PROBLEM DESCRIPTION:
Using the listing below, print the line containing "407 Daroca Avenue, San", the line containing "Amiri designer hoodie full view", and each line between them, exactly and nothing else. Pictures stay out of the print.

═══ RECORDS FOR PROCESSING ═══

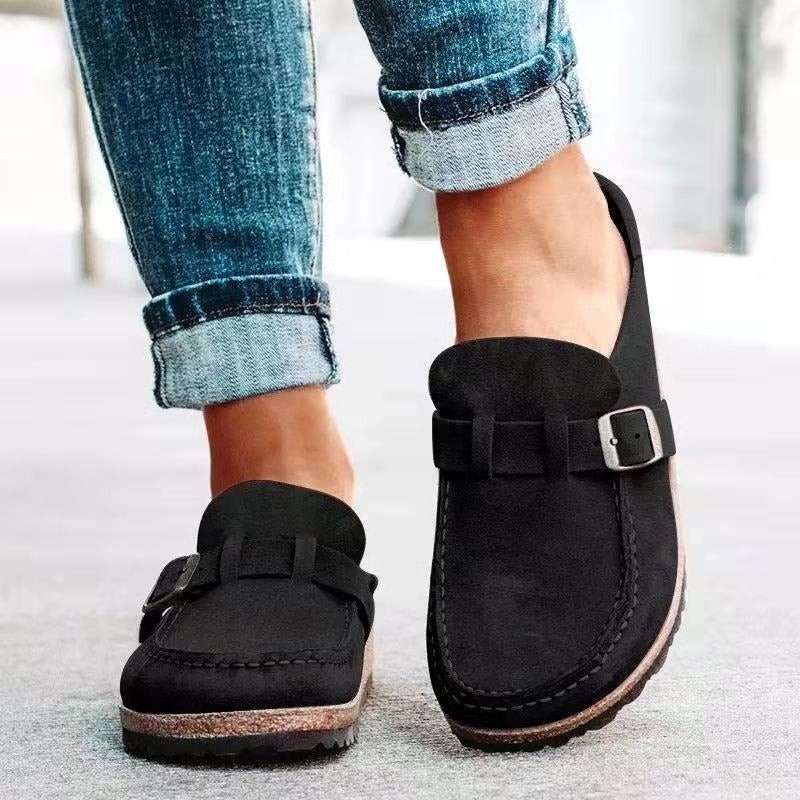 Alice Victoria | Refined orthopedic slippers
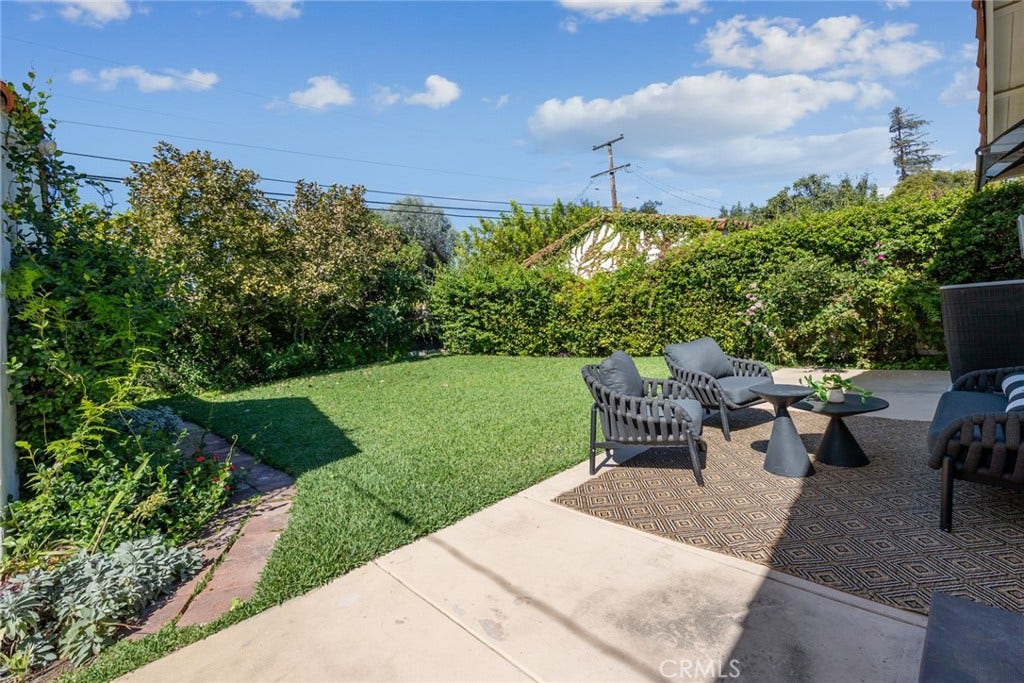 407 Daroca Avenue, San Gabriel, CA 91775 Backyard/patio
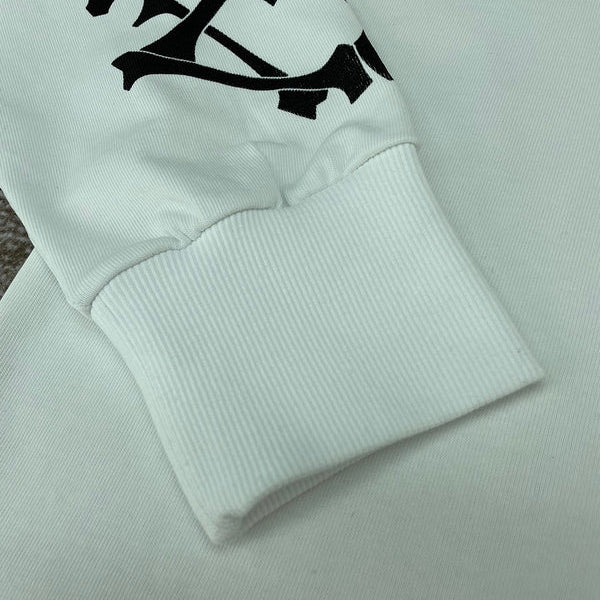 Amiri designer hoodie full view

═══
═══ RECORDS FOR PROCESSING ═══

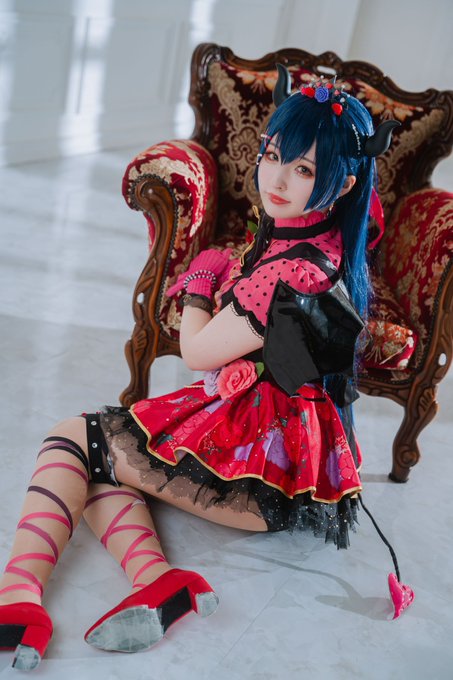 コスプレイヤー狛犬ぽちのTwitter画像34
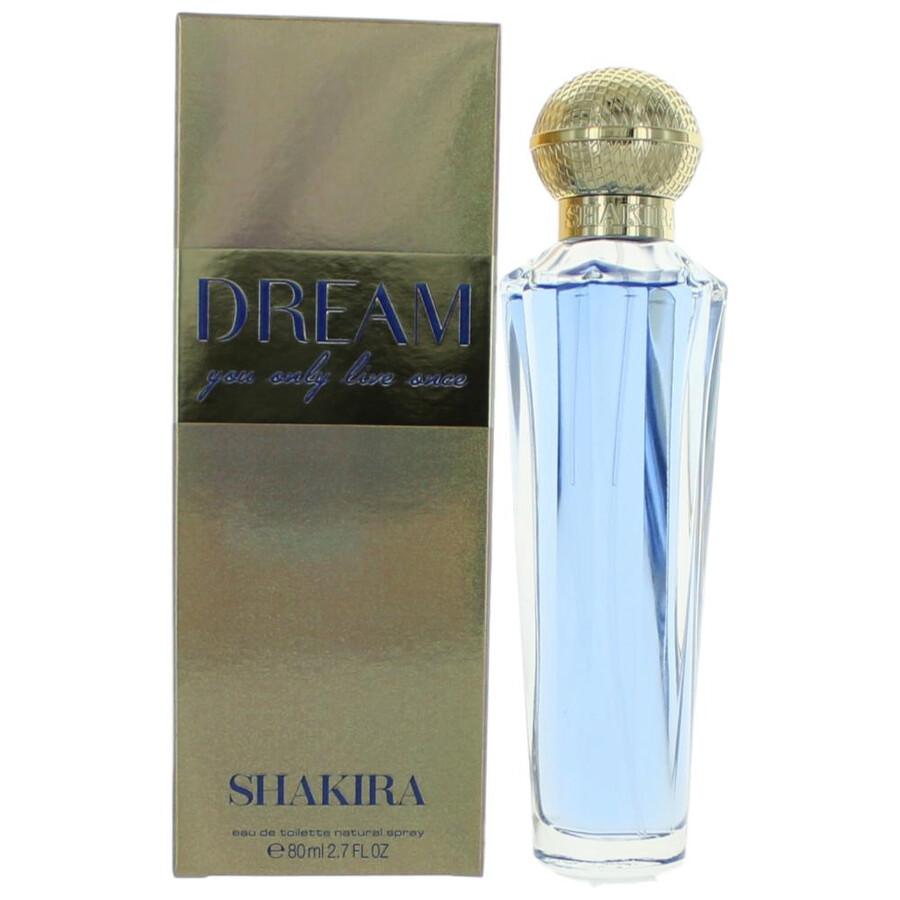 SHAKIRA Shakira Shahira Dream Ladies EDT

═══
═══ RECORDS FOR PROCESSING ═══

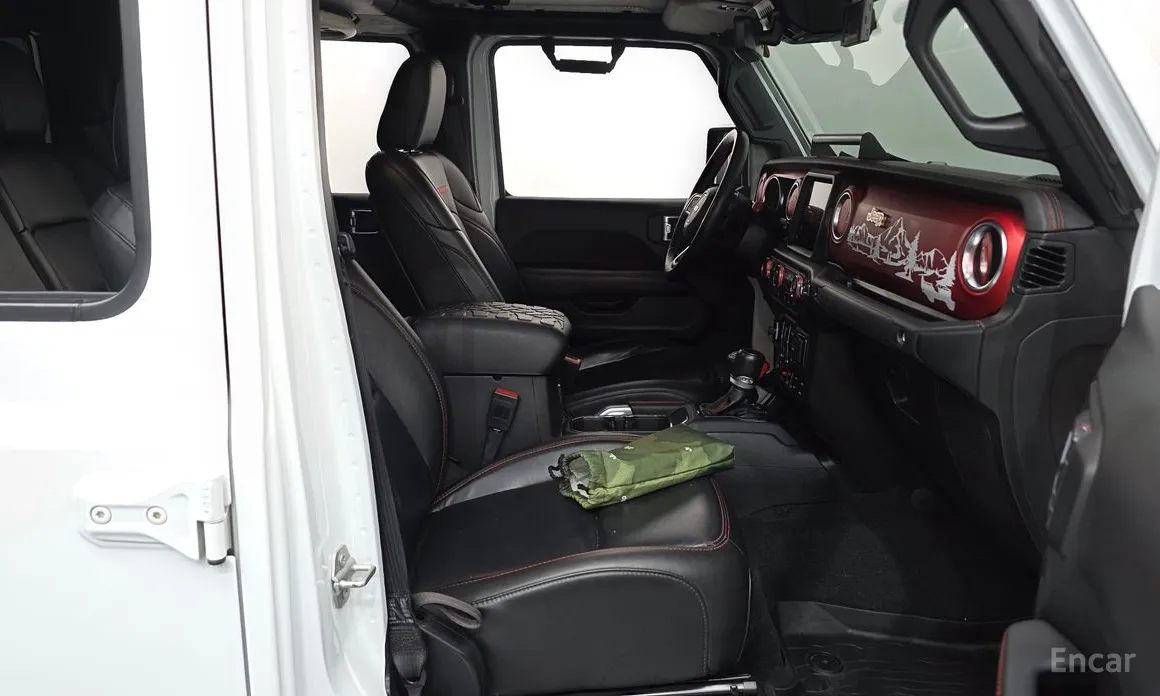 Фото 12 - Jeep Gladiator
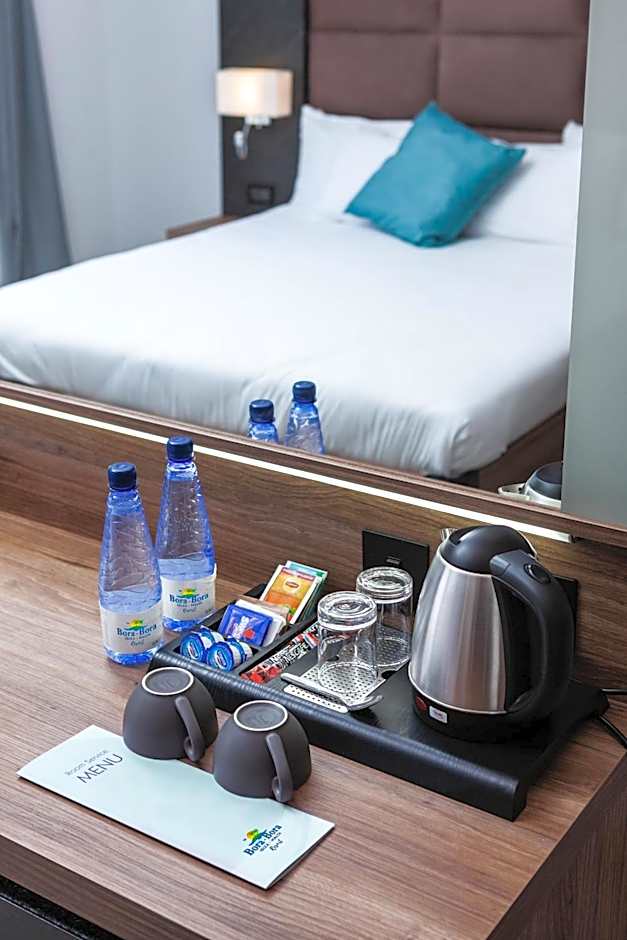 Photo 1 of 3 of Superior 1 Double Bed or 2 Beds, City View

═══

ANSWER BOX:
 407 Daroca Avenue, San Gabriel, CA 91775 Backyard/patio
 Amiri designer hoodie full view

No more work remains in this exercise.